Detailed Action
Notice of Pre-AIA or AIA Status
The present application, filed on or after March 16, 2013, is being examined under the first inventor to file provisions of the AIA .
The following action is in response to the communication(s) received on 09/30/2025 after a final rejection.
Claims 1, 11, and 20 have been amended.
Claims 1, 6, 11, 16, and 20 are pending.
Claims 1, 11, and 20 are independent claims.
Response to Arguments
Applicant’s arguments filed 09/30/2025 have been fully considered, but are not fully persuasive.
The rejections under 35 USC § 112 is withdrawn in view of the amendments to the claims.

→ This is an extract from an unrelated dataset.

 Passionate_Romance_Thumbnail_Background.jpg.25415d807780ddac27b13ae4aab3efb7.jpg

With respect to the rejection under 35 USC § 103:
Applicant asserts that the “shared output layer” in the present invention is different from Chen’s joint layer and further asserts Chen does not teach the synchronous training of the intent pre-training task and the slot pre-training task, i.e., the training is done for one or the other, but not for both. Examiner respectfully disagrees, as [p.3 1st col 2nd ¶] clearly teaches both the intent prediction and slot prediction training is done using eq. (3), thus teaching the synchronous training and the “shared output layer” of the present invention.

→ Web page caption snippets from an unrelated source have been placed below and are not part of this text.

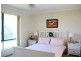 7 Puccini Place, Mackenzie QLD 4156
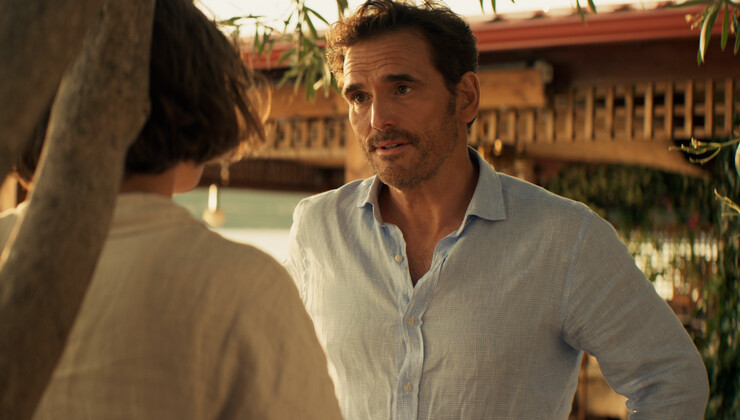 Источник: Miramax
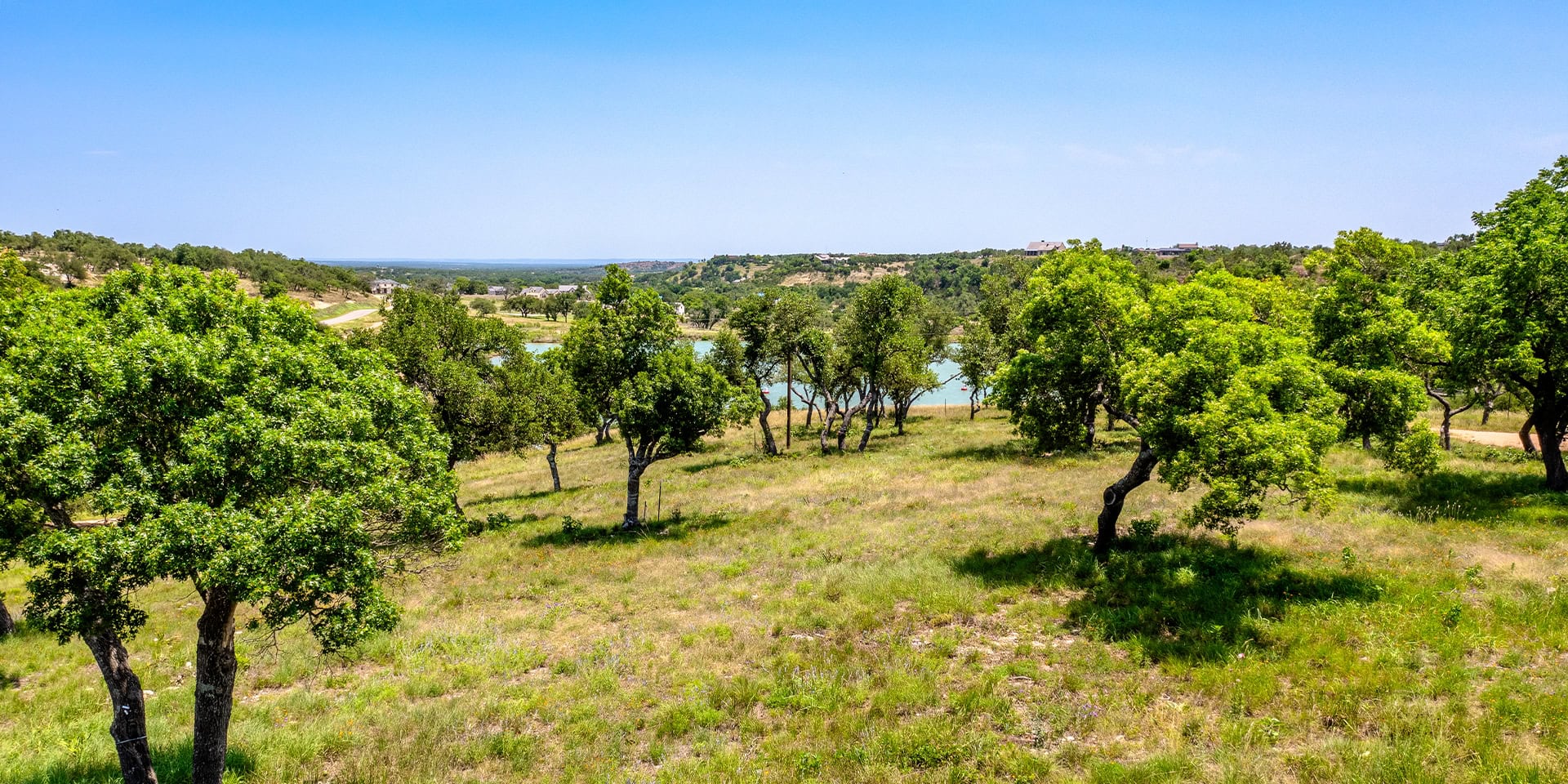 0002_DJI_0426 HDR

Applicant’s argument regarding Pitler not teaching the above is unpersuasive in view of the reasons provided above.
The independent claims 11 and 20 are rejected for the same reasons provided above.
The dependent claims are rejected at least by virtue of dependency to their respective parent claims.
Claim Rejections - 35 USC § 103
The following is a quotation of 35 U.S.C. 103 which forms the basis for all obviousness rejections set forth in this Office action:
A patent for a claimed invention may not be obtained, notwithstanding that the claimed invention is not identically disclosed as set forth in section 102, if the differences between the claimed invention and the prior art are such that the claimed invention as a whole would have been obvious before the effective filing date of the claimed invention to a person having ordinary skill in the art to which the claimed invention pertains. Patentability shall not be negated by the manner in which the invention was made.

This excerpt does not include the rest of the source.